*** Begin section ***

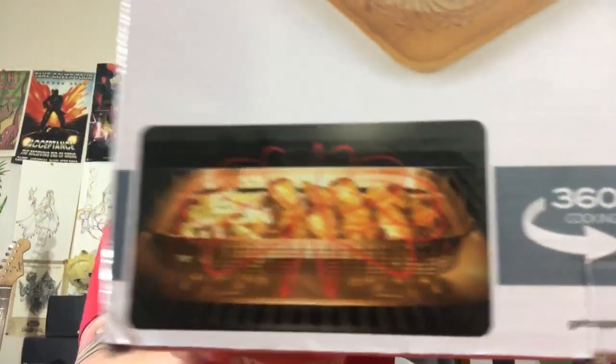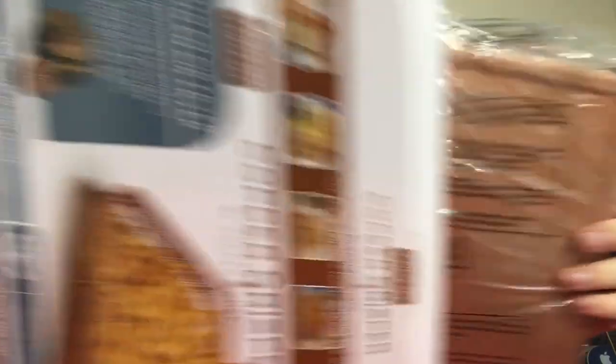Alright, I'm going to rip this bad boy open. You can see the diagram there with the magic happening — apparently that's a diagram of science. Let me open this up. Today we're going to be making french fries, because I think that's a really good test to see if it gets crispy or if it's a sham.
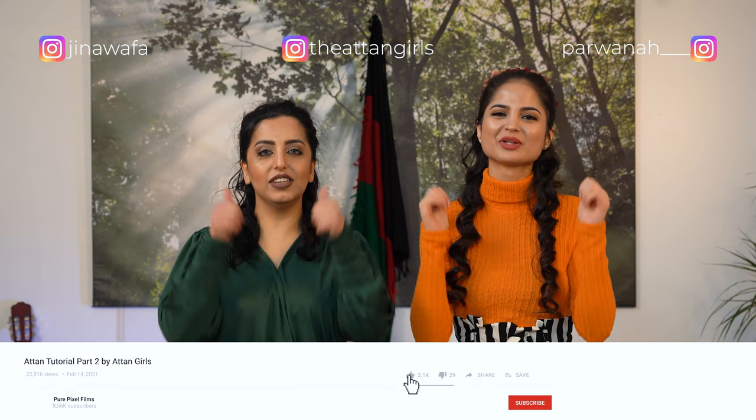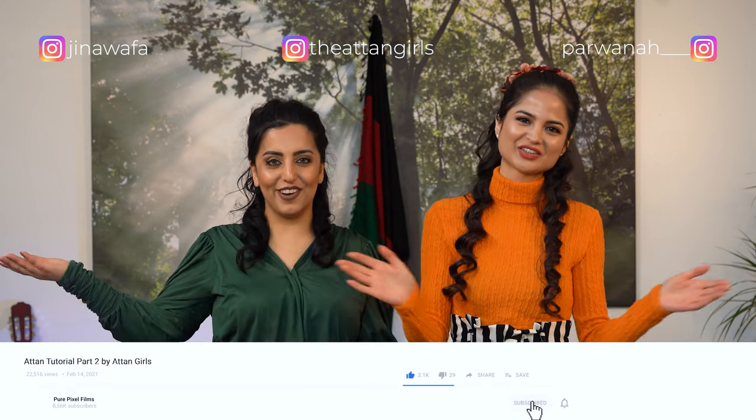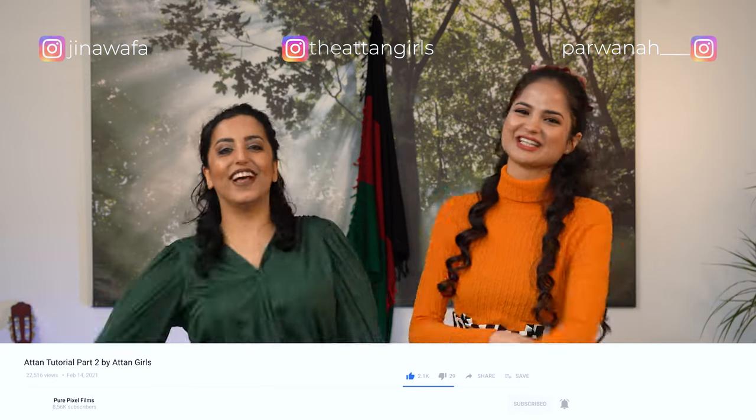Well done! Thank you for watching. We hope that you all liked it. Stay tuned for our next tutorial. Please subscribe, like, and share the video.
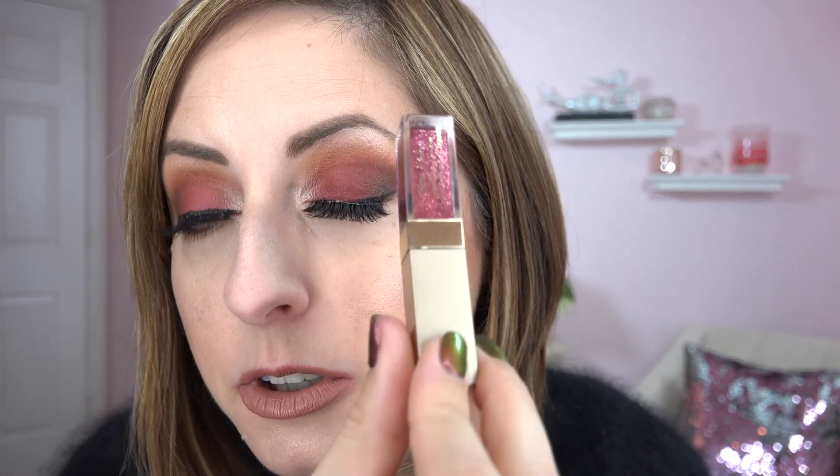I will swatch all of these for you and I'm going to show you two different eye looks — one with the color called twig and kitten, and then live on this video I'm going to put the next to naughty color on my lid. That's why I wore a burgundy eyeshadow today — this is the Anastasia Beverly Hills Modern Renaissance.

*** End section ***

- DIRECTIONS FOR THIS TASK
Copy out every line above, word for word, minus images.

- RESULT OF THE TASK
Alright, I'm going to rip this bad boy open. You can see the diagram there with the magic happening — apparently that's a diagram of science. Let me open this up. Today we're going to be making french fries, because I think that's a really good test to see if it gets crispy or if it's a sham.
Well done! Thank you for watching. We hope that you all liked it. Stay tuned for our next tutorial. Please subscribe, like, and share the video.
I will swatch all of these for you and I'm going to show you two different eye looks — one with the color called twig and kitten, and then live on this video I'm going to put the next to naughty color on my lid. That's why I wore a burgundy eyeshadow today — this is the Anastasia Beverly Hills Modern Renaissance.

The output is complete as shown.